トップチーム
記者会見内容について
10月4日(金)18:00より、Jリーグからの制裁内容を受け記者会見を行いました。
記者会見の内容につきましてご案内いたします。
【出席者】
・株式会社湘南ベルマーレ 代表取締役会長 眞壁潔
・株式会社湘南ベルマーレ 代表取締役社長 水谷尚人
・湘南ベルマーレ 監督 曺貴裁
・コンプライアンス委員会 担当役員 水戸重之
・曺監督 代理人弁護士 今井史郎氏
【記者会見内容】
●代表取締役会長 眞壁潔
この度は、曺貴裁監督のパワーハラスメント問題で大変辛い思いをされた方にお詫び申し上げたいと思います。申し訳ございませんでした。
また、大変なご心配をおかけしている湘南ベルマーレの支援者の皆さん、ホームタウンの皆さん、そして同じサッカーを戦っているJリーグのクラブの皆さん、同じサッカーファミリーの皆さんに心からお詫びすると共に、日本中のスポーツを楽しんでいる多くの皆さんにお詫びしたいと思います。申し訳ございませんでした。
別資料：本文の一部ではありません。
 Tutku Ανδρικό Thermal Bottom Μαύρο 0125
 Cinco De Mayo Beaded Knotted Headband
本日12:00、公益社団法人日本プロサッカーリーグに行きまして、村井チェアマンより今回の案件に関する通知書をいただきました。簡単にご紹介いたします。
湘南ベルマーレ監督 曺貴裁殿、貴殿の違反行為に対する制裁の種類及び内容について決定しましたので、本書をもって通知いたします。
(1)制裁の種類及び内容等
・けん責(始末書をとり、将来を戒める)
・公式試合5試合への出場資格停止
※後者については、すでに自粛している5試合をもって、本制裁を科したものとする。
(2)違反行為の内容
1.曺氏は、多数のスタッフに対して暴言及び有形力を行使するといったパワーハラスメント行為を長期間且つ、多数回繰り返しており、その結果、スタッフが出勤できなくなったり、精神的に辛い思いをするなどの被害が複数生じた。
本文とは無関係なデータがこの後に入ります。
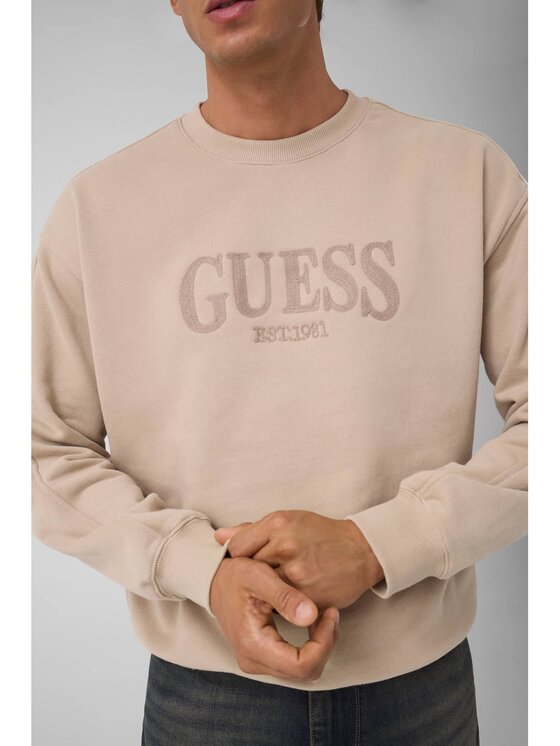 Guess Guess Mikina 184899 Béžová Classic Fit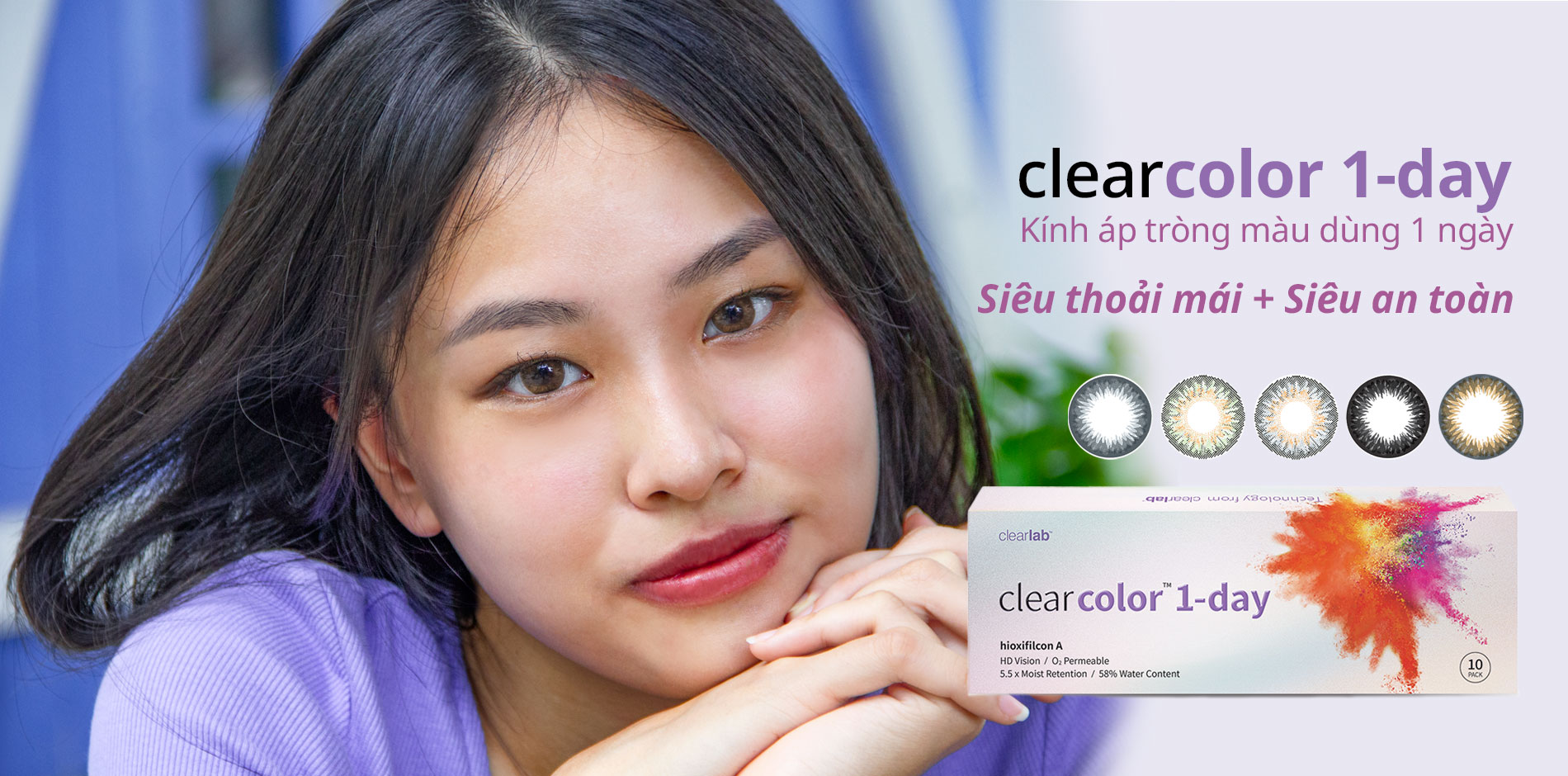 Nhà nhập khẩu và phân phối kính áp tròng clearlab® tại Việt Nam – Công Ty Cổ Phần Optica Việt Nam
2.曺氏は選手に対してパワーハラスメントに該当する不適切又は問題となり得る言動が少なからずあり、一部の選手において精神的な苦痛を感じたり、移籍をせざるを得なくなったりするなどの被害が複数生じた。
株式会社湘南ベルマーレ 代表取締役社長 水谷尚人殿
貴殿クラブトップチーム監督の曺氏に関わる制裁の種類及び内容に関し、下記のとおり決定しましたので本書をもって通知いたします。
(1)制裁の種類及び内容等
・けん責(始末書をとり、将来を戒める)
・制裁金200万円
(2)違反行為の内容
曺氏に関し、Jクラブとして容認し難い(パワーハラスメント等に該当する又は該当し得る)言動があったことを認識し又は認識し得たにもかかわらず、積極的・能動的な事実関係の詳細把握や、同氏に対して改善を求めるなど、被害の発生・拡大防止や職場環境の改善に努めるべきであった。にもかかわらず、何ら積極的な行動に出ることなく、曺氏の言動を事実上容認し、多くの関係者が理不尽な目に遭ったりする等の被害が生じ、社会的非難を受け得る状況を招いた。
以上、2つの通知書をいただいております。
続きまして、私ども湘南ベルマーレが本日通知書をいただくまでの経緯について、Jリーグでも説明済みかと思いますが、私どもの経緯をもう一度説明させてください。
7月上旬に、JFAの暴力等規制相談窓口に投書がございました。運用規則によりJリーグのほうに通知が出され、Jリーグが調査をするということで、調査日を8月20日に設定いたしました。
8月11日の磐田戦後、日をまたいでいますので実質12日ですが、曺貴裁のパワハラという一部報道が出まして、私どもも調査内容については一切知らされておりませんでしたので、この段階で初めて曺貴裁のパワハラでの調査だったという認識をいたしました。
翌日幹部でミーティングをしまして、曺監督に現場に来ないように自粛をお願いしました。彼自身も起きている事象をはっきり調べてもらったほうがいい、そういうことを続けてきた認識はないのでぜひそうしていただきたいということで自粛をすることになりました。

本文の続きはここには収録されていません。